▶ TASK REQUIREMENTS
Pictures are to be left out, and only the lines below starting at the one with "LS Models H0" and ending at the one with "5PCS Bamboo Scoop" are to be reproduced, each exactly, both ends included.

▶ GIVEN DATA
==============================
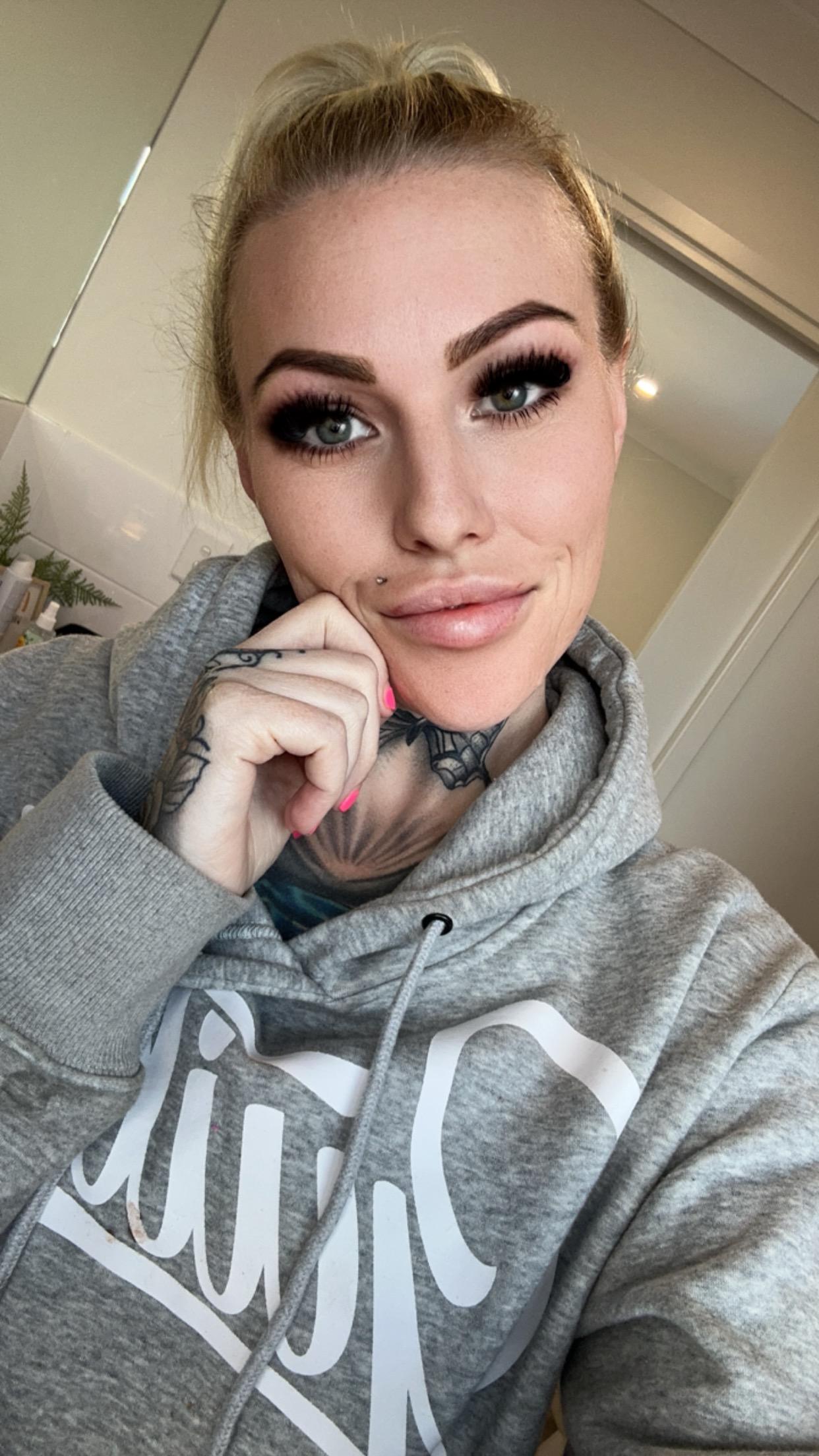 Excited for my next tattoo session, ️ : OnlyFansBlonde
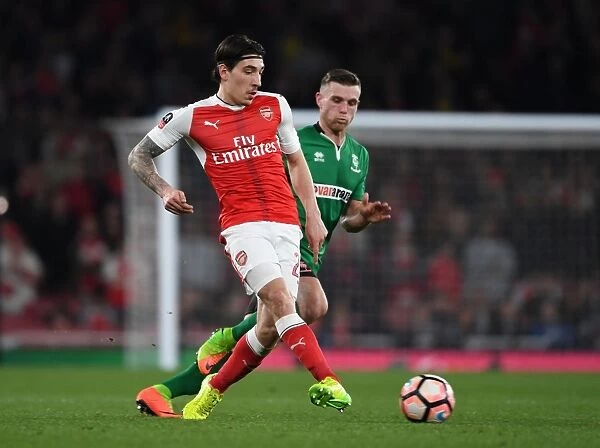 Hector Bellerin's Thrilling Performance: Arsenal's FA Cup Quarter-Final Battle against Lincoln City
==============================
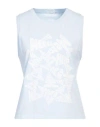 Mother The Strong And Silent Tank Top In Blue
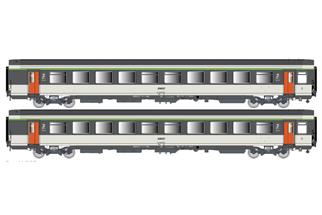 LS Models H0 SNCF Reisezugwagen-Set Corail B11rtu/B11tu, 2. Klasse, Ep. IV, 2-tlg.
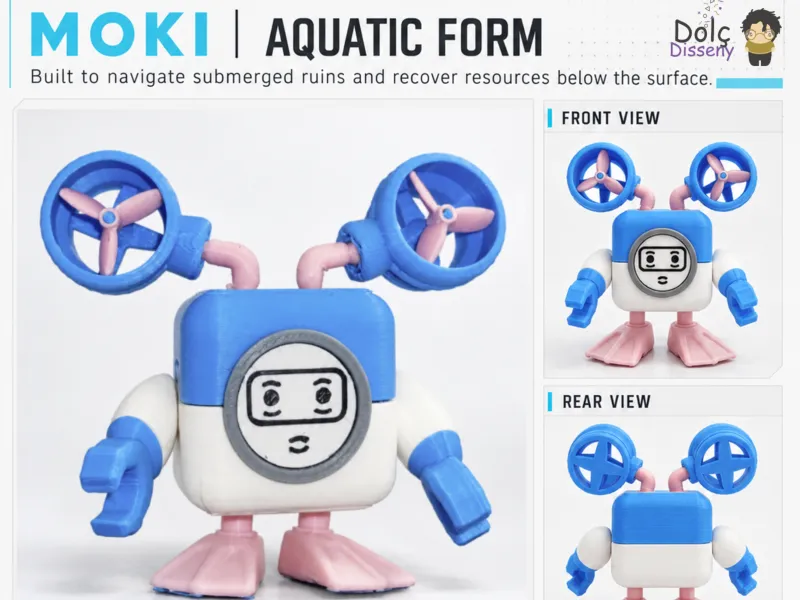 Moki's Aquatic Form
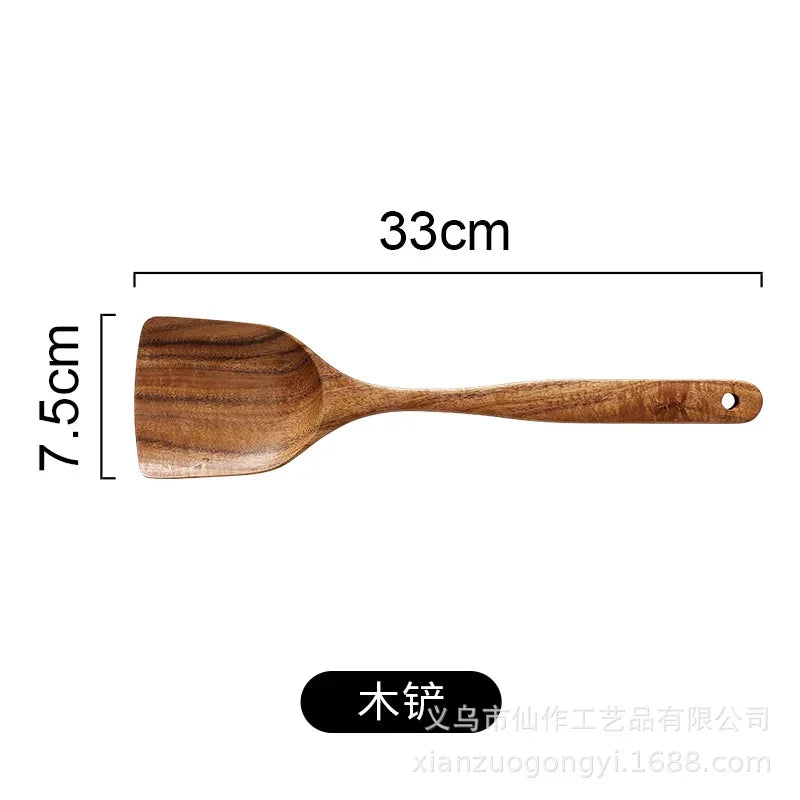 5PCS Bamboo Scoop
==============================
▶ TASK SOLUTION
 LS Models H0 SNCF Reisezugwagen-Set Corail B11rtu/B11tu, 2. Klasse, Ep. IV, 2-tlg.
 Moki's Aquatic Form
 5PCS Bamboo Scoop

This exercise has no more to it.